Description of electronic apparatus to which the present invention is applied

[0122] An electronic apparatus configured by the use of the liquid crystal display device according to the above embodiments includes a display-information output source 1000, a display-information processing circuit 1002, a display driving circuit 1004, a liquid crystal display panel 1006, a clock generating circuit 1008, and a power-supply circuit 1010 shown in Fig. 36. The display-information output source 1000 includes memory devices such as a ROM and a RAM, and a tuning circuit in which a TV signal is tuned and output, and outputs display information such as a video signal according to the clock sent from the clock generating circuit 1008. The display-information processing circuit 1002 processes and outputs display information according to the clock sent from the clock generating circuit 1008. This display-information processing circuit 1002 can include, for example, an amplification and polarity reversing circuit, a phase expansion circuit (serial-to-parallel converter circuit), a rotation circuit, a gamma correction circuit, or a clamp circuit. The display driving circuit 1004 includes a scanning side driving circuit and a data side driving circuit, and drives the liquid crystal panel 1006 for display. The power-supply circuit 1010 supplies power to each of the above circuits.

[0123] As an electronic apparatus having such configuration, a color projector shown in Fig. 37, a personal computer (PC) for multimedia shown in Fig. 38 and an engineering workstation (EWS), a pager shown in Fig. 39, a portable terminal such as a portable telephone shown in Fig. 40, a word processor, a television set, a viewfinder-type or monitor-direct-view-type video cassette recorder, an electronic pocketbook, an electronic desktop calculator, a car navigation apparatus, a POS terminal such as a register shown in Fig. 41, and a apparatus having a touch-sensitive panel can be considered.

[0124] The color projector shown in Fig. 37 is of a projection type with a transmission-type liquid crystal panel being used as a light valve and uses, for example, a three-panel prism-type optical system.

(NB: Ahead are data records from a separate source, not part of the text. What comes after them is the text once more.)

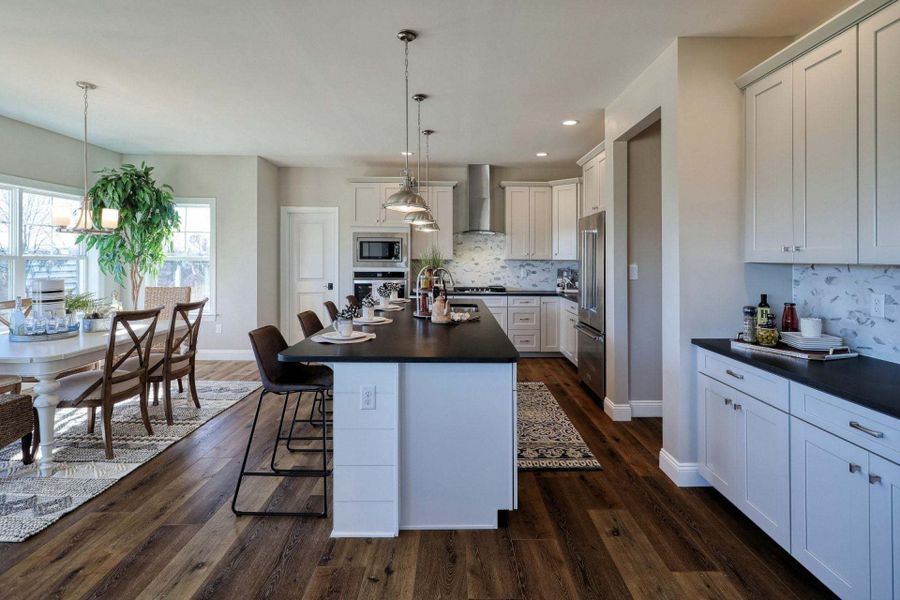 Gourmet Kitchen & Breakfast Area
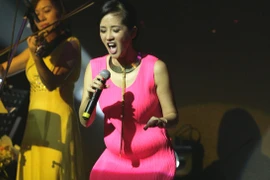 Hồng Nhung mang thai ở tuổi 42 ?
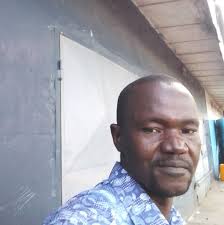 L'ancien Président #IBK est encore partie à #AbuDhabi pour un contrôle  médical. Il est temps qu'on l'amène à l'hôpital #GabrielTouré ou #PointG.  Moussa Nimaga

[0125] In Fig. 37, in a projector 1100, projection light emitted from a white-light-source lamp apparatus 1102 is divided into the three primary colors, R, G, and B by a plurality of mirrors 1106 and two dichroic mirrors 1108 inside a light guide 1104 and the colors are led to three liquid crystal panels 1110R, 1110G, and 1110B each of which displays an image in the corresponding color. Light modulated by the liquid crystal panels 1110R, 1110G, and 1110B is incident upon a dichroic prism 1112 in three directions. Since red R light and blue B light are curved by 90 degrees and green G light goes straight in the dichroic prism 1112, the images in the colors are combined and a color image is projected onto a screen through a projection lens 1114.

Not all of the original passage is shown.